シーメンスが受注する可能性もあったが、鉄道システム一式を丸紅と東芝のJVが受注し、車両は総合車両製作所(J-TREC)が納めた。さらにJR東日本と共同で、10年間のメンテナンス契約も受注した。これまでシーメンスに丸ごと受注されていた部分を挽回した格好だ。
とはいえ、BTSなどの先例から、タイの鉄道の技術標準は欧州規格のENとなっており、仕様・寸法はそれらを基に規定されてしまっている。よって、ENへの対応のための膨大な書類準備や車体強度、難燃性の証明などが車両メーカーにとって大きな負担となったほか、複数箇所の設計やり直しが生じた。生じたコスト増は全てメーカーヘ跳ね返った。

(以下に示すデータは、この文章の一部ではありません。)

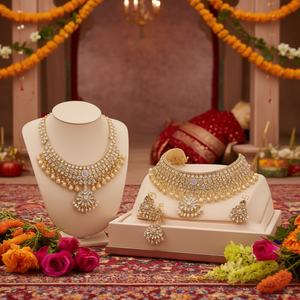 Raani Gold Plated Zircon Antique Designer Choker & Earring Set for Bridal Festive Ethnic Wear - Product Image 3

しかし、そこまでして受注争いに加わったのは、この時まさに「鉄道インフラ輸出」が国をあげて叫ばれていた時代であり、企業としても動かざるを得なかったことが大きいだろう。
タイ側も「ドイツ一辺倒」には懸念
一方、タイ側にも、都市鉄道整備のパートナーを1つの国に絞ることへの懸念があった。タイに限らず、東南アジアの多くの国々はバランス外交を重視している。価格のみが焦点となる国際競争入札制ではないことから、BEMや政府がある程度の采配を振ることは可能であり、既存のブルーラインと繋がらない新規路線は別の国にやらせたいというタイ側の意向も響いたのではないかと分析する関係者もいる。
パープルラインは約23.6kmの延長計画があり、タイ政府の予算でまもなく本体工事が着工する。土木工事は今回もタイのゼネコンが受注すると思われるが、第1期区間の鉄道システム一式を変更することは非合理的で、東芝のシステムとJ-TREC製車両が再び導入されることが有力視される。第1期入札時には、延伸時に企業が事前に合意した適正価格で優先的に納入できるフェアプライスアグリーメントを採用しており、日本側にとっては設計が流用できるためコストが下がり、施主側にも受注企業側にもメリットになる仕組みである。第1期にのしかかった負担も、パープルラインが伸びれば伸びるだけ解消できることになる。
ちなみに、パープルラインに続くピンクライン(約34.5km)と、冒頭で述べたイエローライン(約30.4km)はモノレールとして建設されている。車両は先述の通り中国中車南京製で、その他システム一式とメンテナンス契約も同社が受注している。さらにオレンジラインもタイ政府予算で本体着工しており、鉄道システムの部分を果たしてどこの国の企業が受注するのか注目される。